At thirty-seven, Burleson revered Houston as a father figure—and as a man whose underdog army had routed Santa Anna and won Texas independence. But he doubted whether Houston’s bravado was enough to turn the secessionist tide. That tide would, in fact, wash Houston away.
Burleson nevertheless pledged to support Houston.
“I assured him I would with all my heart, but expressed great fears that all was lost,” Burleson would recall in a speech to the Texas Legislature three decades later. “It was after midnight. He said, ‘Our only hope is in God. Let us kneel down and pray to the God of Liberty.'”
For half an hour, the most important figure in Texas history knelt with Baylor’s leader and prayed for Texas.
Bound together
That Gethsemane scene captures both the intimate relationship between the two men and the entwined roots of Texas and her longest-chartered university.
It’s a story that’s worth knowing and remembering in 2011, as Texans commemorate dual anniversaries: The 175th anniversary of the Texas Revolution and the sesquicentennial of the Civil War.
From the very foundations of the state, Baylor has been one of its key institutions, said Dr. Michael Parrish, a Baylor professor who teaches Civil War and Texas history.
“In the 1850s and 1860s, Baylor was considered the major university of Texas,” he said. “Baylor has always been a lot like a state school. It’s provided so many lawyers, professional people, and people successful in business. The legacy lives on and is evident today.”
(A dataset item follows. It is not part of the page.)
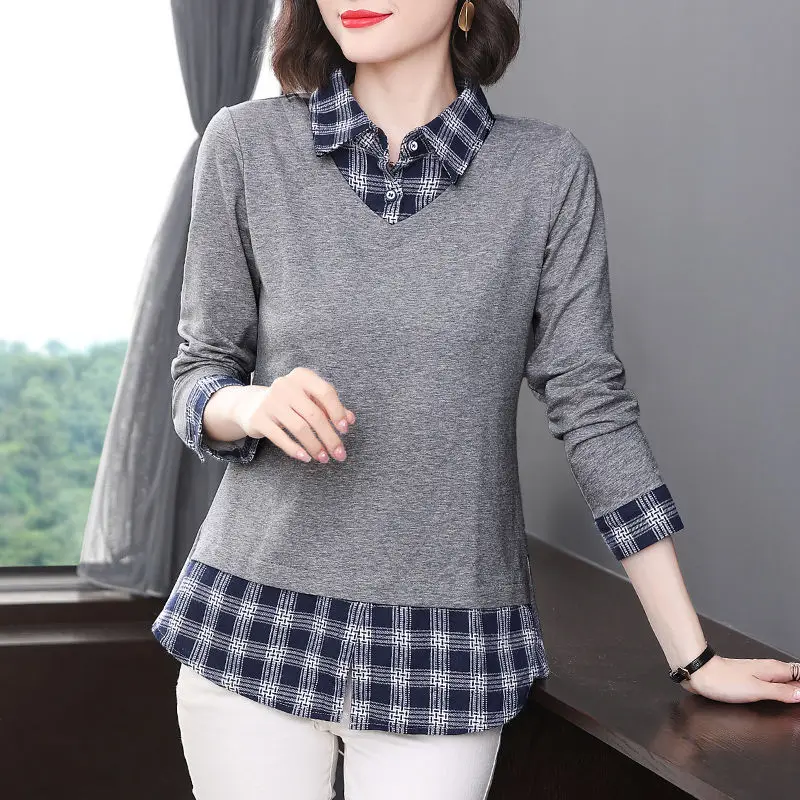 Women\'s Clothing T-shirt Polo-Neck Long Sleeve Spring Autumn Fake Two Pieces Office Lady Elegant Plaid Button Spliced Pullovers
It’s no surprise, then, that Sam Houston was an early supporter of Baylor at Independence as he sought to develop Texas as part of the civilized world.
He contributed money and an extensive library to the fledging university and seven of his eight children studied at Baylor or its preparatory school.
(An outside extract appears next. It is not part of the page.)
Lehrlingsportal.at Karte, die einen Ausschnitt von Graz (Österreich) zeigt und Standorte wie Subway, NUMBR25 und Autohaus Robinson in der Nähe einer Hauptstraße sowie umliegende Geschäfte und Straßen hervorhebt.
Houston and his family moved to Independence in 1853 because of those educational opportunities and because his wife’s family lived there, according to Lois Smith Murray’s book Baylor at Independence. They would live there off and on during the 185os and 1860s.
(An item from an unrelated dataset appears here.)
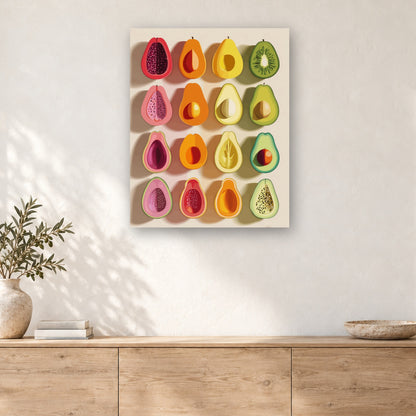 Tableau peinture par numéro Alignement de Fruits Coupés accroché dans un intérieur décoré, Maison Artsen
“Houston deeply regretted not having a formal education himself,” said Mac Woodward, curator of the Sam Houston Memorial Museum in Huntsville. “He advised his wife and children to get that education.”
Houston Hall, a building on Baylor’s Independence cam-pus, was named for Houston, and he gave the commencement address to the male department’s graduates in 186o.
Beyond those connections, Houston’s relationships with Baylor’s earliest leaders guided his spiritual journey and helped the old warrior reinvent himself as a sober statesman.
Houston was a close friend of Baylor’s namesake, Judge R. E. B. Baylor, who swore him in as president of the Republic of Texas in 1841 and liked to debate theology with him.
And to Burleson, Houston was both a role model and a disciple—as well as a friend who wasn’t afraid to argue with him.
“I think they genuinely liked each other,” Parrish said. “They were devoted to each other and trusted one another.”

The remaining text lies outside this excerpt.